Poverty, discrimination due to gender, disability, ethnic origin or language of instruction, physical distance from schools and poor infrastructure are among the obstacles that continue to prevent the poorest children from accessing quality education.

Exclusion at every step of education perpetuates poverty and is a key driver of a global learning crisis.

The paper Addressing the learning crisis: an urgent need to better finance education for the poorest children highlights major disparities in the distribution of public education spending.

Limited and unequally distributed funding results in large class sizes, poorly trained teachers, lack of education materials and poor school infrastructure.

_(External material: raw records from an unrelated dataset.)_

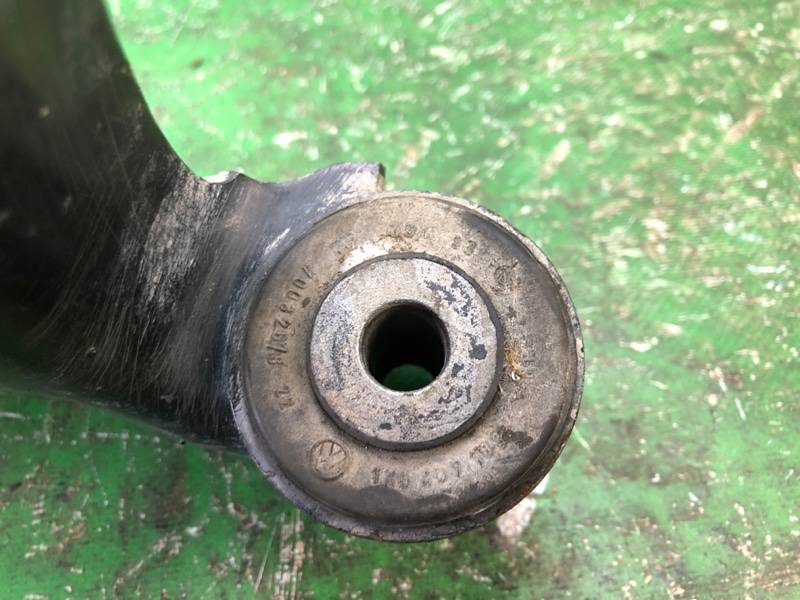 Рычаг передней подвески нижний передний правый JETTA USA 10-17 2011 2.5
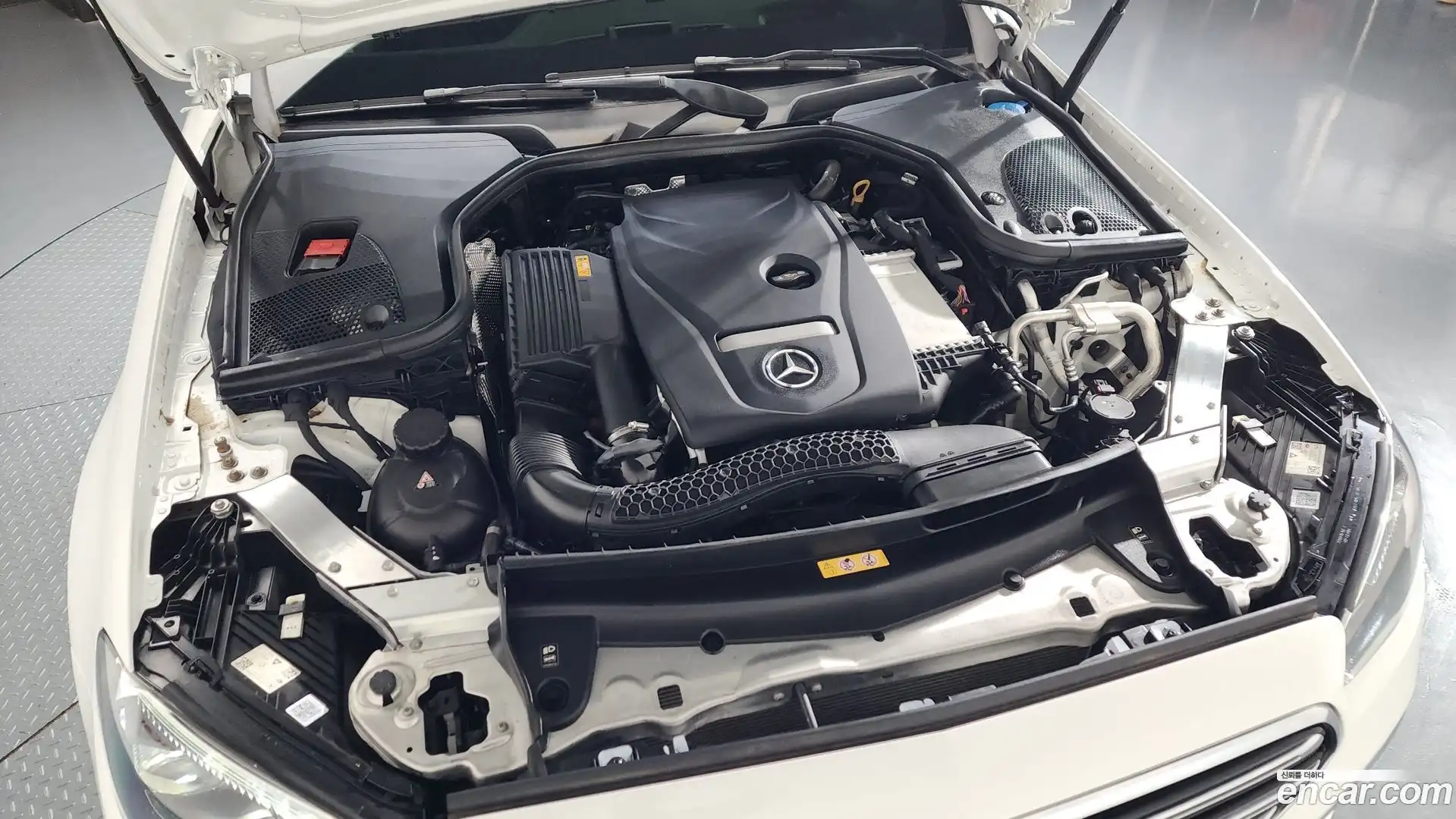 E-Class Mercedes-Benz 2021.6-OUTER-006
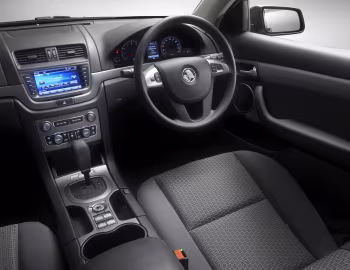 Передня панель Holden Commodore Omega (VE Series II) '09.2010–05.2013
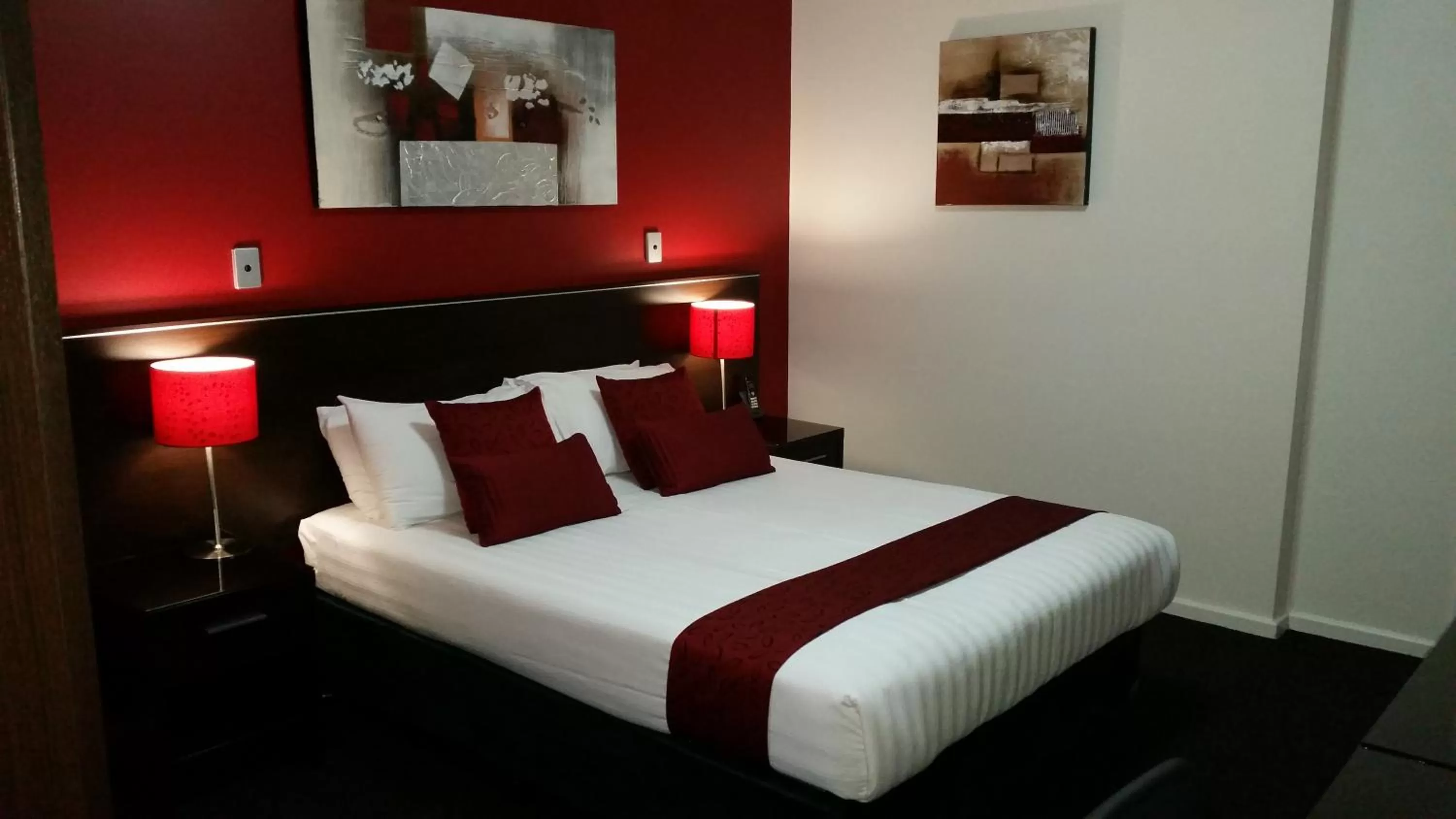 Bed in ibis Styles Broken Hill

This in turn has an adverse impact on attendance, enrolment and learning, said a media release.

“Countries everywhere are failing the world’s poorest children, and in doing so, failing themselves,” said UNICEF Executive Director Henrietta Fore.

Looking at 42 countries with available data, the paper finds that education for children from the richest 20 per cent of households are allocated nearly double the amount of education funding than children from the poorest 20 per cent of households.

Ten countries across Africa account for the highest disparities in education spending, with four times as much funding allocated to the richest children compared with the poorest.

In Bangladesh, percentage of public education resources going to children from the poorest households versus that spent on children from the richest households is 15 per cent and 27 per cent.

Barbados, Denmark, Ireland, Norway and Sweden are the only countries included in the analysis that distribute education funding equally between the richest and poorest quintiles.

The paper notes that the lack of resources available for the poorest children is exacerbating a crippling learning crisis, as schools fail to provide quality education for their students.

According to the World Bank, more than half of children living in low- and middle-income countries cannot read or understand a simple story by the end of primary school.